Small Firms’ Big Customers Are Slow to Pay (Wall Street Journal)
Getting to the point where a marketer convinces a buyer to make a purchase is often an exhausting experience. This is especially the case for business-to-business transactions, where dealing with customers often requires several key business decisions be made and a few unexpected hurdles to climb over before the customer agrees to buy. It is no wonder marketers selling to other businesses often feel a tremendous sense of relief and satisfactions once the order is placed. For any company that has obtained a buyers’ commitment to purchase, the time and energy spent leading up to the sale certainly gives good reason to celebrate.
Unfortunately, such celebrations may be premature. Why? Because a sale is not considered complete until the buyer makes payment and, depending on the market, while receiving payment may seem like a relatively minor issue, it often ends up causing headaches as many buyers are slow to pay. Consequently, experienced marketers often learn that obtaining payment requires almost as much effort as the sale itself.

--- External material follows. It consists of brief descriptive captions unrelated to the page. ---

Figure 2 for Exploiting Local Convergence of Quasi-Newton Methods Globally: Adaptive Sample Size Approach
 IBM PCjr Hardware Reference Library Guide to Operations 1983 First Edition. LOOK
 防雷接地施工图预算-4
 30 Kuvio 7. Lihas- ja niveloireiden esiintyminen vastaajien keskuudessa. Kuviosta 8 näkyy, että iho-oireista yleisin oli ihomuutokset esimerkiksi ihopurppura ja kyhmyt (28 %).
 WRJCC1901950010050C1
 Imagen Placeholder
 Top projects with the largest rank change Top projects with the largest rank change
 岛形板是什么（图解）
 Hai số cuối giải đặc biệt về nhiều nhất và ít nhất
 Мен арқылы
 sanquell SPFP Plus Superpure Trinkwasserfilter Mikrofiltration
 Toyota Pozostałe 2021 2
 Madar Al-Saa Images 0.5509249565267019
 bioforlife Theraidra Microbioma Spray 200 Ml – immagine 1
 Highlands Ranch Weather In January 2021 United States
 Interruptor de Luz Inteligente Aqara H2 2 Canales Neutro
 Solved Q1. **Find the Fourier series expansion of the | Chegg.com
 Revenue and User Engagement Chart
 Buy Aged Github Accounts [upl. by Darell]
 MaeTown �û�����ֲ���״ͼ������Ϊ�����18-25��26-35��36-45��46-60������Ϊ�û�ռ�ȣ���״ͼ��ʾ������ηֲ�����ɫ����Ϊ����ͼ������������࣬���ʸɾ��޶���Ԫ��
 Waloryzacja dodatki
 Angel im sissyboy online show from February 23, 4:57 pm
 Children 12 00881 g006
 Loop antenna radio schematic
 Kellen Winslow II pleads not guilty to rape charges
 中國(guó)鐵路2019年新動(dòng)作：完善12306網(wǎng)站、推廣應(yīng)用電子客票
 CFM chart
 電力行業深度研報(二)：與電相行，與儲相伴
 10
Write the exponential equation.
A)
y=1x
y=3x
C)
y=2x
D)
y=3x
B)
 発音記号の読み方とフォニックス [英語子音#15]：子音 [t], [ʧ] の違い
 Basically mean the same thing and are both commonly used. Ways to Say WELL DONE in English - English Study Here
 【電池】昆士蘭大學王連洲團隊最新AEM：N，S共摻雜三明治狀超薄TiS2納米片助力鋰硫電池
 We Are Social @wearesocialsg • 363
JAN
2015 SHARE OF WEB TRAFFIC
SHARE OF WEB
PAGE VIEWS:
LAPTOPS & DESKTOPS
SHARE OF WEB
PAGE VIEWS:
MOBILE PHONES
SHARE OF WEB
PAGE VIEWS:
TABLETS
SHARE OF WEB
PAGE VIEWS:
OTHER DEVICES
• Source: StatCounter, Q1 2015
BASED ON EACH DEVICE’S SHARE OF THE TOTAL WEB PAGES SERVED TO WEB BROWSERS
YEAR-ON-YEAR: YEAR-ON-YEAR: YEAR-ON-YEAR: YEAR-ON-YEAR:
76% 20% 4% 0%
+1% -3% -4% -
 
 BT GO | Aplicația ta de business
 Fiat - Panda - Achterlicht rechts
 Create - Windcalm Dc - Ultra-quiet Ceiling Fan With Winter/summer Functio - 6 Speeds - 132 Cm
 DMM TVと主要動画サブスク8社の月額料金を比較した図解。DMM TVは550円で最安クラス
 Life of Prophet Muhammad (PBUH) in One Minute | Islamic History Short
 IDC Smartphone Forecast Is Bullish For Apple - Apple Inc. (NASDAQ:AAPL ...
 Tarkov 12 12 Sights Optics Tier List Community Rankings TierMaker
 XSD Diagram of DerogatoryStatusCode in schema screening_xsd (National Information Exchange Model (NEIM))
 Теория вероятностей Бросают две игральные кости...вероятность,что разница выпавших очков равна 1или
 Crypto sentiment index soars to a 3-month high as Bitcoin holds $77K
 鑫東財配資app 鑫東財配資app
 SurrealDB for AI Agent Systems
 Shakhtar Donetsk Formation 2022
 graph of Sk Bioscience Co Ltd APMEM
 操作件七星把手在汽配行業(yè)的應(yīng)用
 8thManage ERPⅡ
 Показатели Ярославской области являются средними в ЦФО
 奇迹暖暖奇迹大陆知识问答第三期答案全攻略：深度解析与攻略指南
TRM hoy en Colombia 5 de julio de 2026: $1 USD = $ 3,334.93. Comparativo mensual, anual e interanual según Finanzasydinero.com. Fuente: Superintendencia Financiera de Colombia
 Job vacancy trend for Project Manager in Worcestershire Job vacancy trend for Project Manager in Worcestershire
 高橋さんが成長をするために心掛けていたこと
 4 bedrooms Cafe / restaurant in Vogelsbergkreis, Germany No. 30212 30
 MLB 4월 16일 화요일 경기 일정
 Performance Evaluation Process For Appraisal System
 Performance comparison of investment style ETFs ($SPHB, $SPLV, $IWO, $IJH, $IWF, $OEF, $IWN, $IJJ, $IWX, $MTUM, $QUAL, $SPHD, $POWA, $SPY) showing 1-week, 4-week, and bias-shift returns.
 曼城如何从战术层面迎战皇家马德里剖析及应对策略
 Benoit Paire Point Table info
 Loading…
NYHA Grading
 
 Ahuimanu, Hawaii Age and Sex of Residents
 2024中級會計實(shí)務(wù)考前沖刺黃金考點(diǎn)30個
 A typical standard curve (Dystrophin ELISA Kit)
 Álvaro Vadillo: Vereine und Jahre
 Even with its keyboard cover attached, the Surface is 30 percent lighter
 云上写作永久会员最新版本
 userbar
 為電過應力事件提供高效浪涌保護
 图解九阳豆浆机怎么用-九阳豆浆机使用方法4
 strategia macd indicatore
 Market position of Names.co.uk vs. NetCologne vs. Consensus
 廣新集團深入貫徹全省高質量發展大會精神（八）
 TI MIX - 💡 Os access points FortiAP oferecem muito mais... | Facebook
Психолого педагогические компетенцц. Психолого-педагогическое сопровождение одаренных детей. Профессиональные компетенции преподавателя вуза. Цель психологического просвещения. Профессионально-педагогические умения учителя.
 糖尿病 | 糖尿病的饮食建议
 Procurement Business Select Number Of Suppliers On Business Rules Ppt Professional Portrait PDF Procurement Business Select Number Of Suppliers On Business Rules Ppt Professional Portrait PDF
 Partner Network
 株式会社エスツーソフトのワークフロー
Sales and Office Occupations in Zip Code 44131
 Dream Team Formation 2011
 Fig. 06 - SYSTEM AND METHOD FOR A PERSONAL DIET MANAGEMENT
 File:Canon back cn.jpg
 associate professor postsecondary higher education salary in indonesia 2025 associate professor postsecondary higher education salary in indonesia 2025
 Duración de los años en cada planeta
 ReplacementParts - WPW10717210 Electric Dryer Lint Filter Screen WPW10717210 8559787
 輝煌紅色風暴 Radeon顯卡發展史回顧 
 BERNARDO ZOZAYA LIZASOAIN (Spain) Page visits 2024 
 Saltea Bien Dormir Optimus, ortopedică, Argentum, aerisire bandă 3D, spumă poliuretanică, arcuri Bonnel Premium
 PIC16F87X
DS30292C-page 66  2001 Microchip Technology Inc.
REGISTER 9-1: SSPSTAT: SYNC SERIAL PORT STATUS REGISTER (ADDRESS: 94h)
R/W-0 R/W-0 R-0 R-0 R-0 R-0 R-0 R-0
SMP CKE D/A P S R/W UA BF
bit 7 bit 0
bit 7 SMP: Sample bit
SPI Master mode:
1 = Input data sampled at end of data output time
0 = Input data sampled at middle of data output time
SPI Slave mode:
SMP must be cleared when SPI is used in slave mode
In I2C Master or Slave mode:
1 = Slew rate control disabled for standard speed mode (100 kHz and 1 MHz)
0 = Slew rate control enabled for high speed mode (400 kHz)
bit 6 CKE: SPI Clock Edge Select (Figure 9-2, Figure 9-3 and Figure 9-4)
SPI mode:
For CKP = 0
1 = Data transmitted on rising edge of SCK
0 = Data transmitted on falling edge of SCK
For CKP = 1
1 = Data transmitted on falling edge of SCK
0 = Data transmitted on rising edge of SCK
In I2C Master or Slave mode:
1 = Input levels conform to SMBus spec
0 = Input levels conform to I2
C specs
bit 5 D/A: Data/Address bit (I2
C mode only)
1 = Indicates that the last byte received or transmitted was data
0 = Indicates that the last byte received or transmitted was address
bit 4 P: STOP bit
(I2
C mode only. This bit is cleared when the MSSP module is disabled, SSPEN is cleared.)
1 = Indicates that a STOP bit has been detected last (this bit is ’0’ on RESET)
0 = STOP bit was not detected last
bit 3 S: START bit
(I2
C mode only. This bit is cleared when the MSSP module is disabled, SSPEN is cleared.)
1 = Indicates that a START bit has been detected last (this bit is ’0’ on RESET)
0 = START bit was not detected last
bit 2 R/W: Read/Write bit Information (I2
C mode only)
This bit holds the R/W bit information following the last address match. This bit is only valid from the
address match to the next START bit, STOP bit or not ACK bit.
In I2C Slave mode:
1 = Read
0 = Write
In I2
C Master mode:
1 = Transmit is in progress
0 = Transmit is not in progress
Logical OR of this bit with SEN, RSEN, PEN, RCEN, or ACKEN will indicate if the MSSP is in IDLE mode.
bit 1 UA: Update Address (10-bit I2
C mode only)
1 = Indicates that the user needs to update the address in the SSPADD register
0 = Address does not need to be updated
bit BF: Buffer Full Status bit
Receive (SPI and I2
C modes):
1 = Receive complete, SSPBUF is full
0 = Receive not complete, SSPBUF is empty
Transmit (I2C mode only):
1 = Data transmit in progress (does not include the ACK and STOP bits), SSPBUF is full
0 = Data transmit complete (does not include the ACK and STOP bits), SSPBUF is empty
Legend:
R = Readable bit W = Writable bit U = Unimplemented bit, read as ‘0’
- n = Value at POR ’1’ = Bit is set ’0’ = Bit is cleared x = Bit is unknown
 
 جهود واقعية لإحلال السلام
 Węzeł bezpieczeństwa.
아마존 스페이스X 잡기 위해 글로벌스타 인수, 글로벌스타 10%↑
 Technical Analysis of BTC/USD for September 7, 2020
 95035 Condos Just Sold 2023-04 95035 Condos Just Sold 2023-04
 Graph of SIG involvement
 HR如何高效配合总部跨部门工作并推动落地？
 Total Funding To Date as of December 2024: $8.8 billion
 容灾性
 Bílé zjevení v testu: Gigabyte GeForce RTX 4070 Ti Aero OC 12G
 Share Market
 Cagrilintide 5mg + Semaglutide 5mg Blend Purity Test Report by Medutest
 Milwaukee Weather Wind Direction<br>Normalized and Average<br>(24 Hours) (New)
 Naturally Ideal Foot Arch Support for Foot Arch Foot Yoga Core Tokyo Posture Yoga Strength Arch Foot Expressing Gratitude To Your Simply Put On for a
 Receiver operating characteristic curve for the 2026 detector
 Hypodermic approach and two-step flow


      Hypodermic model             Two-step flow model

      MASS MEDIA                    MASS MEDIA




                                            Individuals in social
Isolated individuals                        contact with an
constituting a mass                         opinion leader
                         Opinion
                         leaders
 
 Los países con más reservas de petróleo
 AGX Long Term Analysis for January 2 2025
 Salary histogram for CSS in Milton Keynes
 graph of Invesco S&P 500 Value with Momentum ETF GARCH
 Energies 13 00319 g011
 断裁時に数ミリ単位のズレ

To help address this, marketers have at their disposal several options to encourage early payment or, for some, to discourage late payment. For instance, to encourage quick payment marketers may offer a discount if a bill is paid within a certain period (called cash terms). Alternatively, they may add a penalty charge if the bill is not paid within a reasonable time, for instance, if not paid within 60 days.
However, the effect of these payment incentives is declining, particularly when large volume buyers are involved. As seen in this story, large companies often ignore any payment terms that are offered and simply pay their bill when they get to it. They are especially likely to do this if the seller is a small company who has little choice but to accept the large company’s payment methods. While a small marketer could threaten to stop selling to the large buyer, this is often not an option, especially if the buyer represents a large portion of the small company’s revenue.
Additionally, as mentioned in the story, another key effect of slow payment is that it forces others in the supply chain to limit their own purchases which appears to be impacting expansion plans of smaller firms.
Mr. Sheth’s seven-person Anatta Design has been forced to postpone hiring and expansion because of the longer wait for payment. Last year, for example, it sent a $6,600 invoice to an online retailer for several months’ work redesigning an online “shopping cart.” The entrepreneur, who says he didn’t have a credit line to fall back on, received payment in full 404 days after the date on the invoice.
What other techniques can a small company utilize that may encourage a larger firm to make faster payment?